The report comes on the heels of a SCAN foundation poll released in early July showing that nearly 80 percent of Americans would be more likely to support a health care reform package that includes improved coverage for long-term care services.

The four policy options addressed in the brief include:

  • Expanding support for home- and community-based services
  • Improving coordination of medical and long-term care services for people who rely on both Medicaid and Medicare
  • Improving coordination of medical and long-term care for Medicare enrollees with chronic conditions
  • Establishing a public insurance program for long-term care that would “offer protection to participants of all ages and incomes.”

As key components of the first recommendation, they cite, among other things, a revision of eligibility criteria to put home- and community-based services on an equal footing with nursing home care, and also increased investment in workforce development, including “support for training for direct-care workers and training and support for family caregivers.”

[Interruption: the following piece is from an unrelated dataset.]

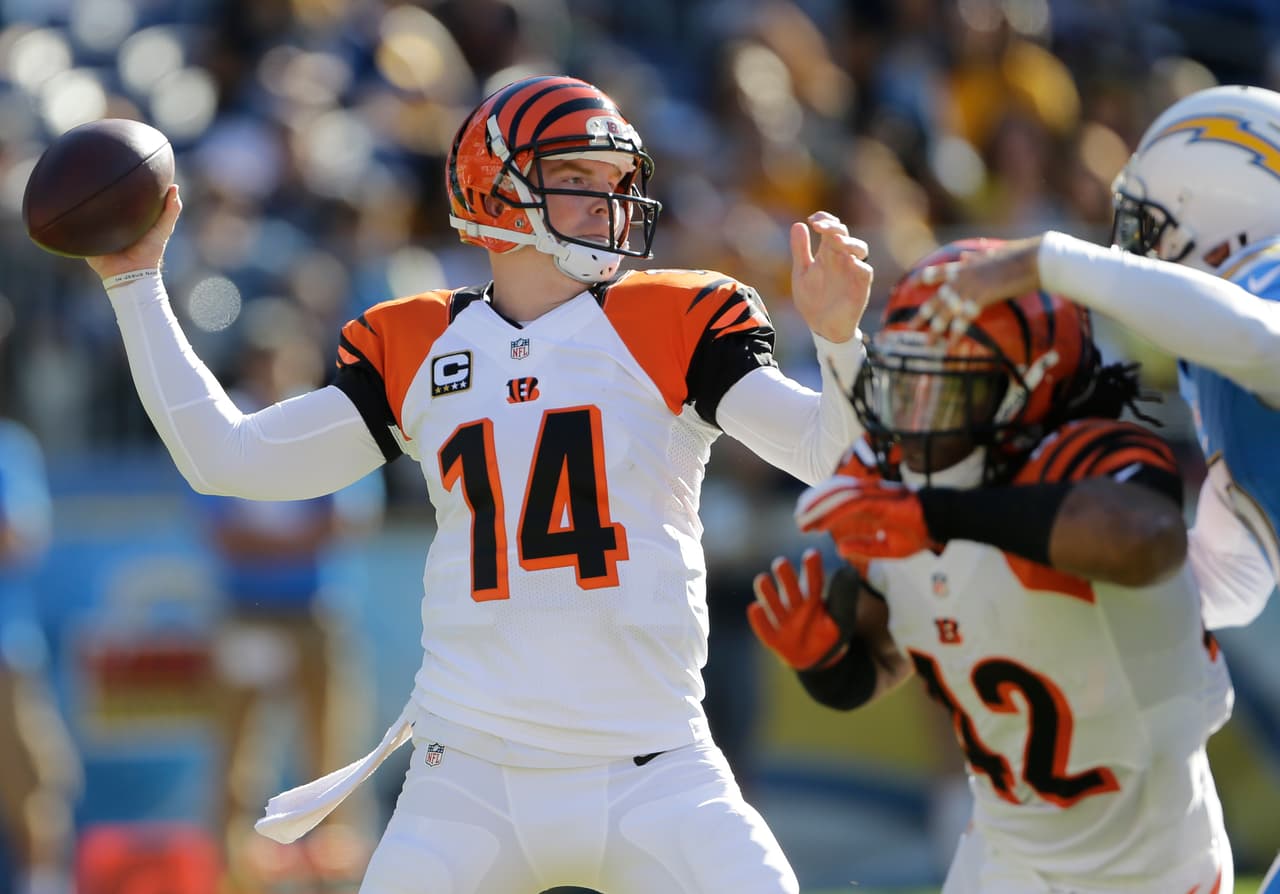 Un año después, campaña 2013, los Bengals ganan la División con marca de 11 – 5, pero tienen que jugar Ronda de Comodines. Reciben a los San Diego Chargers que fueron uno de los 3 equipos de la División Oeste que avanzaron a la postemporada. Pero el resultado no cambió, pierden 27 – 10, sexto fracaso consecutivo en postemporada.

In the report’s introduction, the authors argue that long-term care belongs in health reform because “The well-being and financial security of families depend not only on access to affordable medical services, but also on access to affordable, reliable long-term care — the daily assistance and supports that many individuals need because of serious medical conditions or disabilities.”

More broadly, they claim that improving the long-term care system will help America to use its health care resources more efficiently and effectively, since inadequate long-term care can and does lead to “worsening health conditions, unnecessary acute medical events such as hospitalizations, and greater demands on medical services.”

The report cites several examples of recent legislation that line up with its recommendations, including the CLASS Act, the Community Choice Act, the Empowered at Home Act, and the Retooling the Health Care Workforce for an Aging America Act.